Carroll, em seu livro The Big Picture, afirma que, se existissem forças ou partículas capazes de fazer uma pessoa afetar outras pessoas ou objetos à distância, “já as teríamos descoberto”. A ciência está longe de saber tudo, diz ele, mas o que já sabe permite descartar algumas hipóteses.

Esse autor chama atenção para o conceito de domínio de aplicabilidade de uma teoria científica: Carroll não afirma que nenhum novo fenômeno físico jamais será descoberto; o que ele afirma é que qualquer nova força, se relevante na escala humana do cotidiano, já teria sido notada, se de fato existisse.
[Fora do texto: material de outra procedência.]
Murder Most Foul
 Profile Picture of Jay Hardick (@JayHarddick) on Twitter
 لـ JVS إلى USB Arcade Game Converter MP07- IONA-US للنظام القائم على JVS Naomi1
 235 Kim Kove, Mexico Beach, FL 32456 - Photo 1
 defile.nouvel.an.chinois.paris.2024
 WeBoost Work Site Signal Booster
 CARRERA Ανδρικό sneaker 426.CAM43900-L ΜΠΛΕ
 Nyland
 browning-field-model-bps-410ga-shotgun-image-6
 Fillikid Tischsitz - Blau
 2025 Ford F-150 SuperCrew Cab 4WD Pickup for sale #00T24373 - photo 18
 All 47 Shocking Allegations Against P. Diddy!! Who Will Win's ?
Sequer o fenômeno do emaranhamento quântico – em que partículas separadas por grandes distâncias são capazes de responder instantaneamente uma à outra – oferece refúgio. No livro Schrödinger's Killer App: Race to Build the World's First Quantum Computer, o físico Jonathan Dowling lembra que, na temperatura do corpo humano, “qualquer emaranhamento quântico seria destruído em um septilionésimo de segundo”. Nem mesmo as consultas do SUS são tão rápidas.

Fadas

Há vários anos, a médica e escritora Harriet Hall vem popularizando a expressão “Ciência da Fada dos Dentes”. Como ela mesmo explica num artigo

“Você pode estudar quanto dinheiro a Fada dos Dentes deixa em diferentes situações (primeiro contra último dente, idade da criança, dente num saquinho contra dente enrolado em papel, etc.), e seus resultados podem ser replicáveis ​​e estatisticamente significativos. Você pode achar que descobriu algo sobre a Fada dos Dentes; mas seus resultados não dizem o que você imagina, porque você não se deu ao trabalho de descobrir se a Fada dos Dentes é real ou se alguma causa mais plausível (os pais) poderia dar conta do fenômeno”.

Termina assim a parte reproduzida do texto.